L'éditeur d'un site internet, support d'une activité de prostitution, peut être poursuivi pour proxénétisme. Par ailleurs, plusieurs personnes ont déjà été mises en cause pour racolage sur Internet. Cependant, l'activité prostitutionnelle se réfugie le plus souvent derrière des petites annonces anodines, sur des sites de rencontre ou d'emploi. En outre, la preuve de la relation sexuelle tarifée est extrêmement difficile à obtenir, sauf à ce que le client reconnaisse les faits. La répression du proxénétisme sur Internet suppose donc la mise en place d'une veille sur internet et la mobilisation de nombreux fonctionnaires de police.

 

Juguler le phénomène de la prostitution sur Internet : les solutions proposées

Si le rapport de la Mission parlementaire préconise en premier lieu de pénaliser le client qui a recours à des rapports sexuels tarifés, au risque de susciter des réactions parfois hostiles, ses propositions restent timide pour ce qui concerne Internet. Et son étude cible essentiellement les sites alors que des contacts sont de plus en plus fréquents via les réseaux sociaux et les forums de discussion.

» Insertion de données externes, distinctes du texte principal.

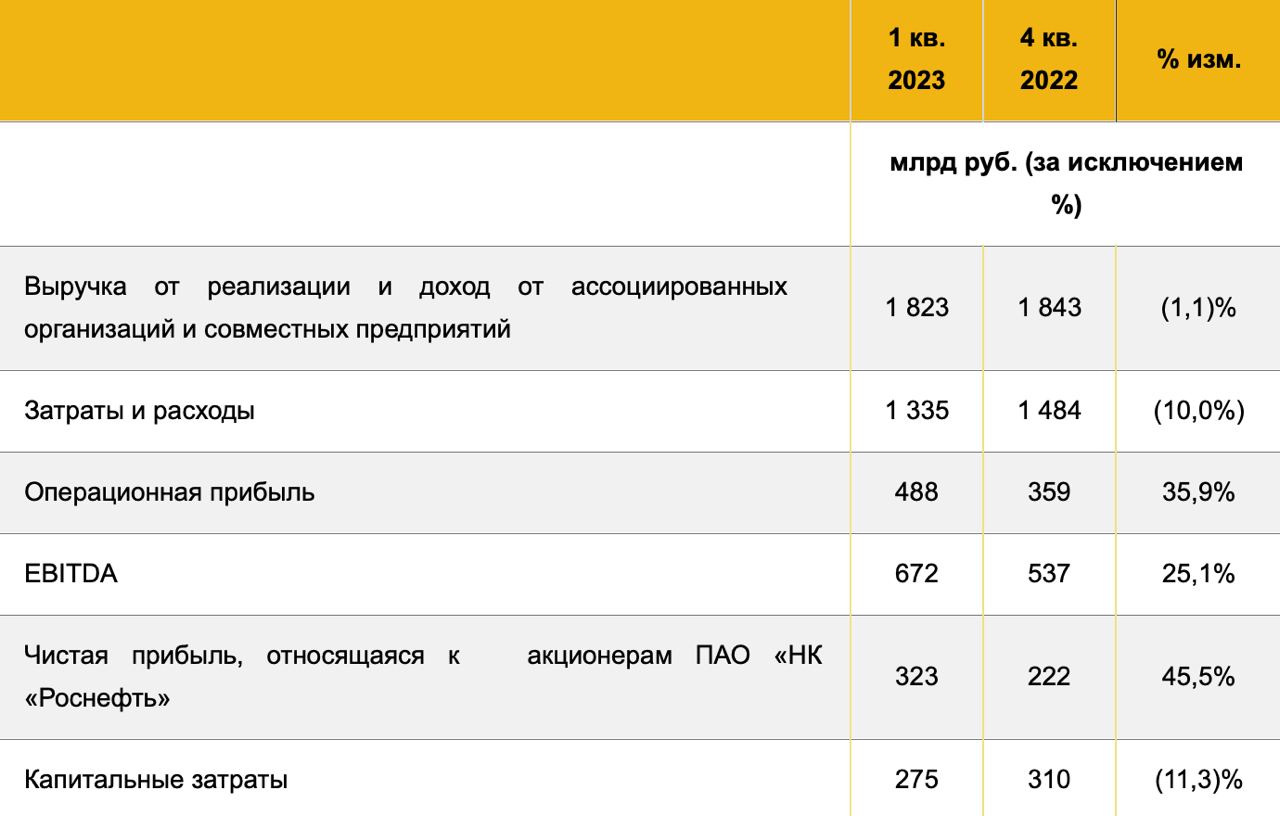 Нефтяные проекты роснефти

Le rapport recommande que le Ministère de la Justice envoie une circulaire aux Procureurs généraux afin qu'ils informent les directeurs de publication que leur responsabilité pénale est susceptible d'être engagée en cas de publication d'annonces à caractère prostitutionnel. Et la proposition n°20 suggère que les Ministères de l'Intérieur et de la Justice informent les hébergeurs de sites Internet de leur responsabilité pénale au regard des annonces à caractère prostitutionnel qu'ils publient, une préconisation d'autant plus floue que les hébergeurs n'ont pas d'obligation de surveillance des contenus mise à leur charge. Il serait sans doute plus pertinent de faire au niveau interministériel une campagne globale d'information de l'ensemble des acteurs de l'Internet.